30 anos da Justiça Eleitoral no Amapá: homenagem, reflexões e desafios para as próximas eleições a partir do olhar d’O Direito Achado na Rua

Por João Guilherme Lages Mendes

Em fevereiro de 2022 a Justiça Eleitoral do Amapá comemorou 30 anos de instalação. Nessas três décadas vale primeiramente ressaltar o imensurável trabalho desempenhado por todas e todos os servidores, colaboradores (em especial mesárias e mesários), magistrados, membros do Ministério Público e advogados, que ao longo desse período se dedicaram a fazer desta instituição a guardiã máxima do regime democrático neste rincão brasileiro, cuidando da organização do processo eleitoral, trabalhando, incansavelmente, para garantir o respeito à soberania popular e à cidadania, laborando em prol de aproximadamente 524.830 eleitores (0,356% do eleitorado brasileiro, o penúltimo menor do país), conforme dados disponíveis no sítio eletrônico do TSE (critério de pesquisa no google: Estatísticas do eleitorado – Consulta por região/UF/município), assegurando, enfim, o prestígio e a credibilidade que goza esse relevante órgão do Poder Judiciário nacional.

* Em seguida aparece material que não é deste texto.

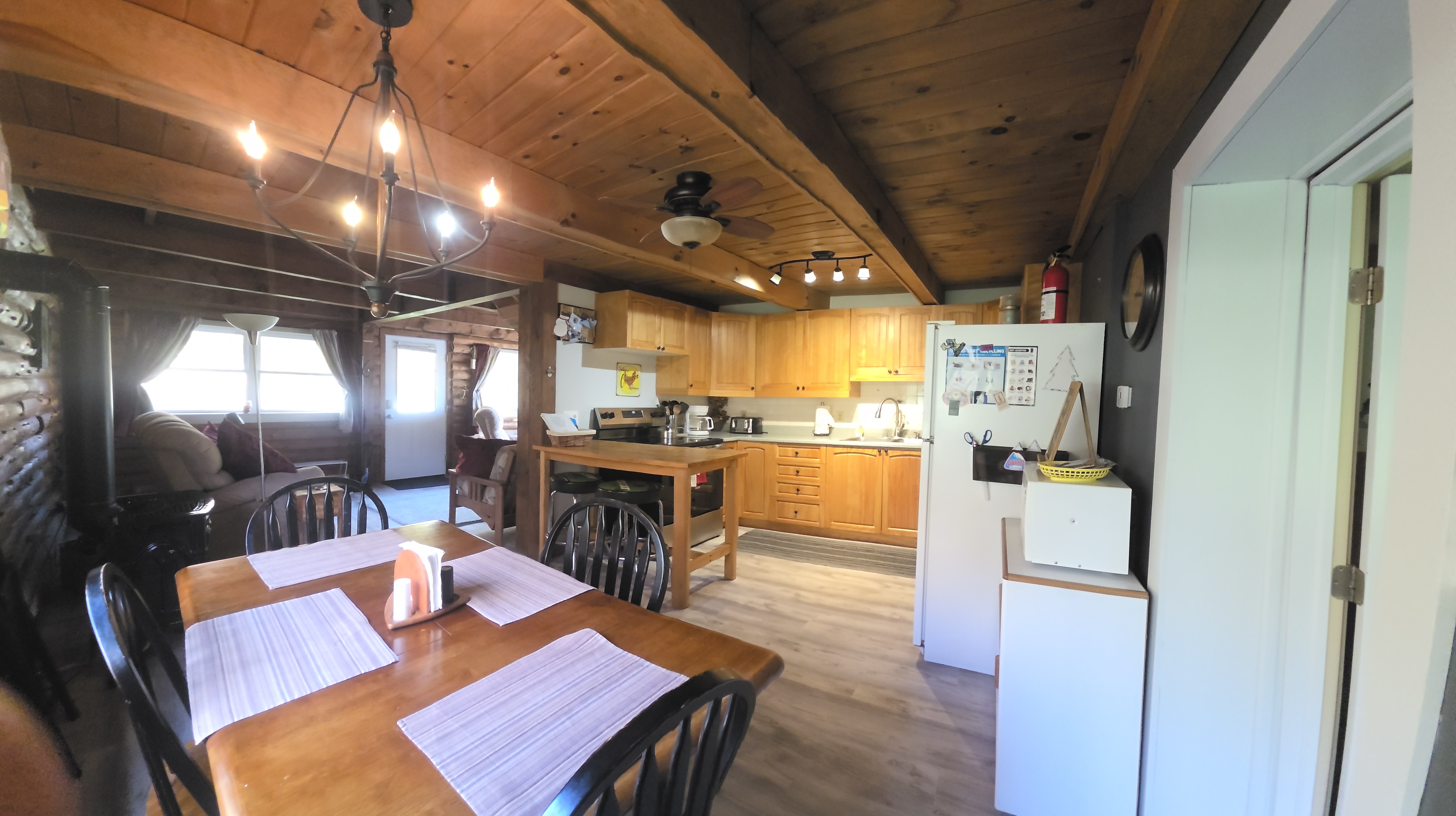 3 Bedroom Cabin-6.5 Miles from I-91 - Photo 5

A importância deste reconhecimento se deve ao empenho na superação dos incontáveis desafios decorrentes de fazer eleição no meio da selva amazônica e ao longo da costa amapaense, incluindo as 2.500 ilhas do arquipélago marajoara, locais aonde a internet não chega direito, mas mesmo assim o resultado final das eleições é quase instantâneo.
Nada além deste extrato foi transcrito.